KG:003:2022:14 Toepassing artikel 4.25 van de Wet inkomstenbelasting bij immigratie na keuze artikel 2.5 (oud) van de Wet inkomstenbelasting
Aanleiding
- Belastingplichtige woont tot 2021 in België en bezit alle aandelen in een Belgische kapitaalvennootschap.
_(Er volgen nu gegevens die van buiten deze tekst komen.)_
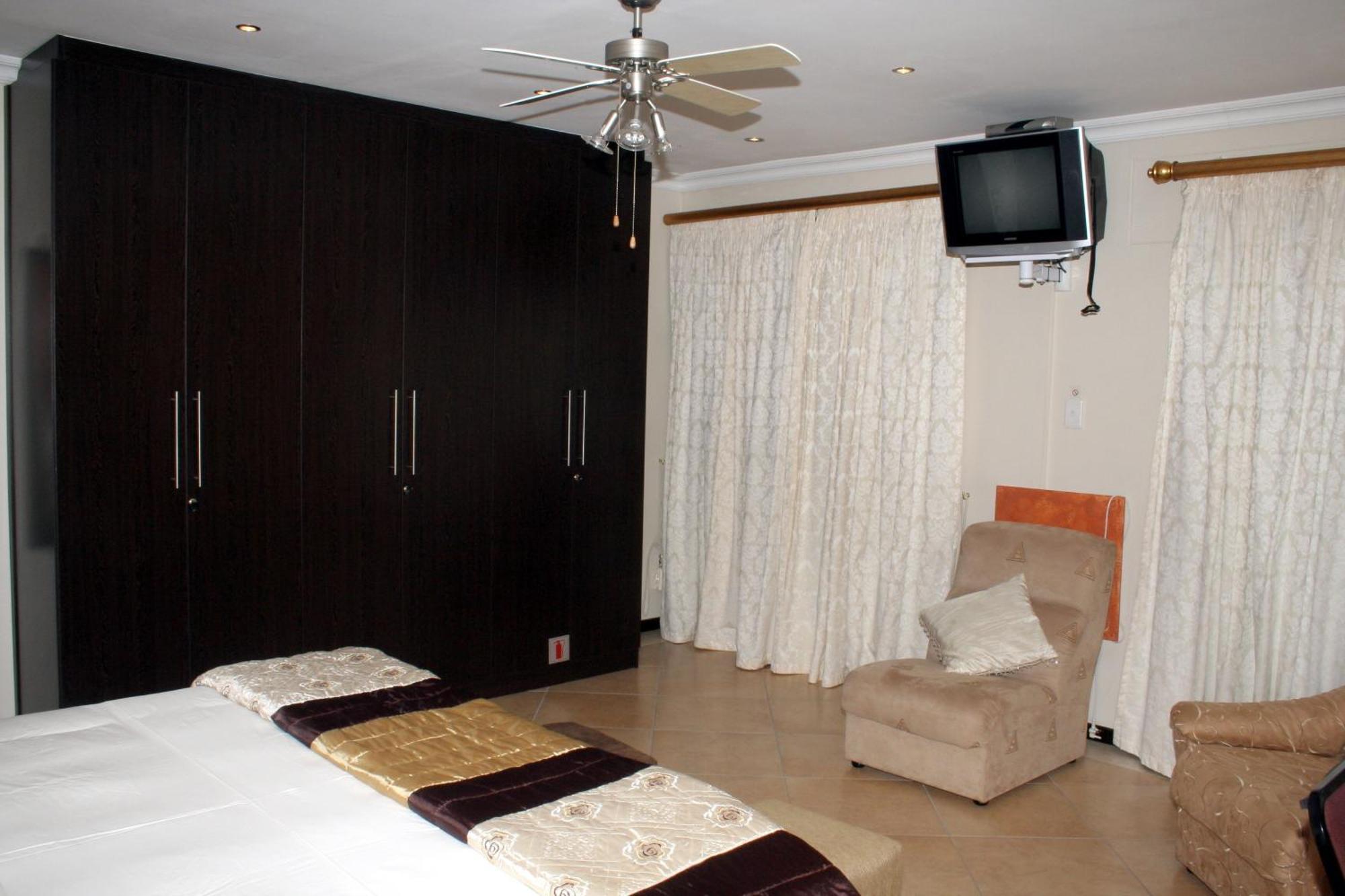 Lumley'S Place Guesthouse Pniel Ngoại thất bức ảnh
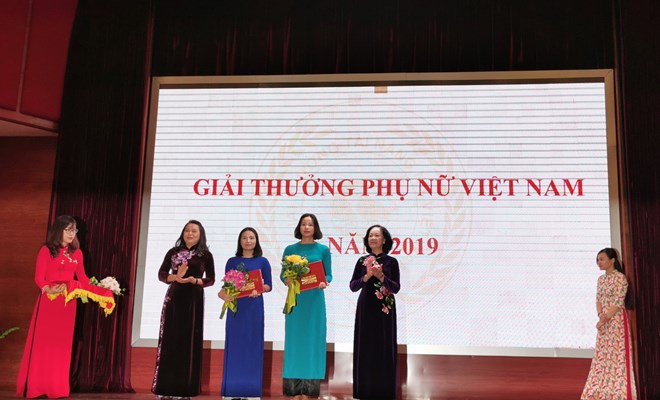 16 tập thể, cá nhân nhận giải thưởng Phụ nữ Việt Nam 2019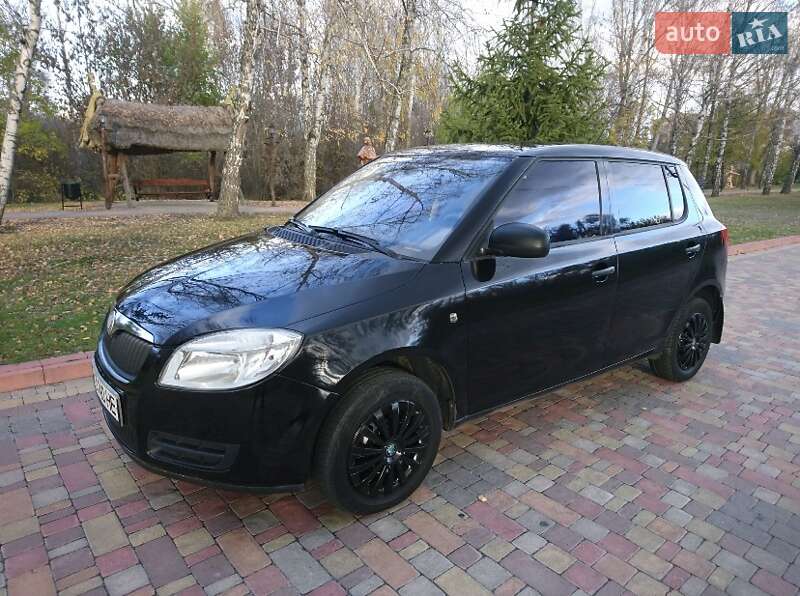 Хэтчбек Skoda Fabia 2008 в Миргороде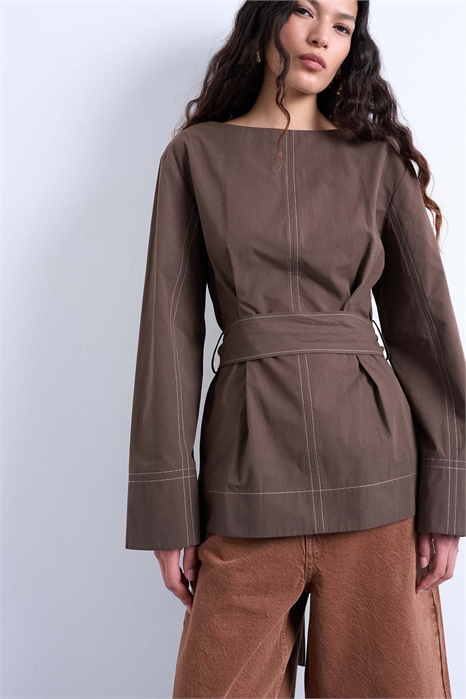 Топ с длинными рукавами и завязкой на талии с контрастной строчкой артикул 152317621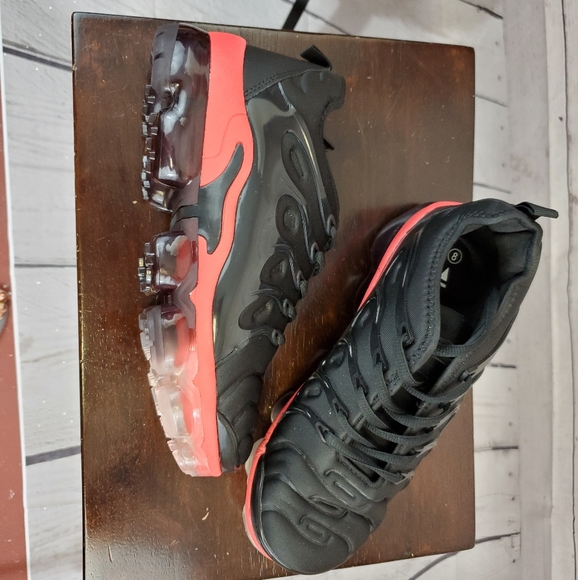 running shoes - Picture 5 of 6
Deze vennootschap bezit een 20%-belang in een Nederlandse werkmaatschappij.
- Tot en met het jaar 2014 kiest de belastingplichtige op grond van artikel 2.5 van de Wet inkomstenbelasting 2001 (hierna: Wet IB 2001) voor toepassing van de regels van deze wet voor binnenlandse belastingplichtigen.
- Na het vervallen vanaf 1 januari 2015 van dit keuzerecht voor buitenlands belastingplichtigen, wordt belastingplichtige aangemerkt als kwalificerend buitenlands belastingplichtige in de zin van artikel 7.8 Wet IB 2001.
- In 2021 verhuist de belastingplichtige naar Nederland.
- Belastingplichtige stelt op het moment dat hij in Nederland gaat wonen de verkrijgingsprijs van zijn aandelen in de Belgische kapitaalvennootschap op de waarde die op dat tijdstip in het economisch verkeer aan die aandelen kan worden toegekend en past dus artikel 4.25, eerste lid, Wet IB 2001 toe.
Vraag
Moet de belastingplichtige die tot en met 2014 gekozen heeft voor belastingheffing als binnenlands belastingplichtige, op het moment dat hij in Nederland gaat wonen de verkrijgingsprijs van zijn aandelen in de Belgische kapitaalvennootschap stellen op de waarde in het economisch verkeer van dat moment?
Antwoord
Ja, de keuze voor binnenlands belastingplichtige, op grond van de inmiddels vervallen bepaling van artikel 2.5 Wet IB 2001, verhindert niet de toepassing van artikel 4.25, eerste lid, Wet IB 2001.
Beschouwing
Wanneer een belastingplichtige in Nederland gaat wonen en hij op dat moment aanmerkelijkbelangaandelen heeft in een vennootschap, dan wordt de verkrijgingsprijs van deze aandelen op grond van artikel 4.25, eerste lid, Wet IB 2001 gesteld op de waarde die op dat tijdstip in het economische verkeer aan die aandelen kan worden toegekend.
Het tweede lid van artikel 4.25 Wet IB 2001 bepaalt dat het eerste lid niet van toepassing is, indien een belastingplichtige eerder in Nederland heeft gewoond. Omdat de belastingplichtige in dit geval nooit eerder in Nederland heeft gewoond, is de uitzondering van dit tweede lid niet van toepassing. Zijn keuze in eerdere jaren voor toepassing van de regels van binnenlandse belastingplicht betekent niet dat hij in deze eerdere jaren in Nederland heeft gewoond of geacht wordt te hebben gewoond.
Het derde lid van artikel 4.25 Wet IB 2001 bepaalt dat het eerste lid evenmin van toepassing is, indien belastingplichtige voor het moment van emigratie ten aanzien van een aanmerkelijk belang buitenlands belastingplichtige is geweest. Ook hiervan is in dit geval geen sprake. Belastingplichtige is in die periode wel buitenlands belastingplichtige geweest voor zijn arbeidsinkomsten, maar niet voor zijn aanmerkelijk belang.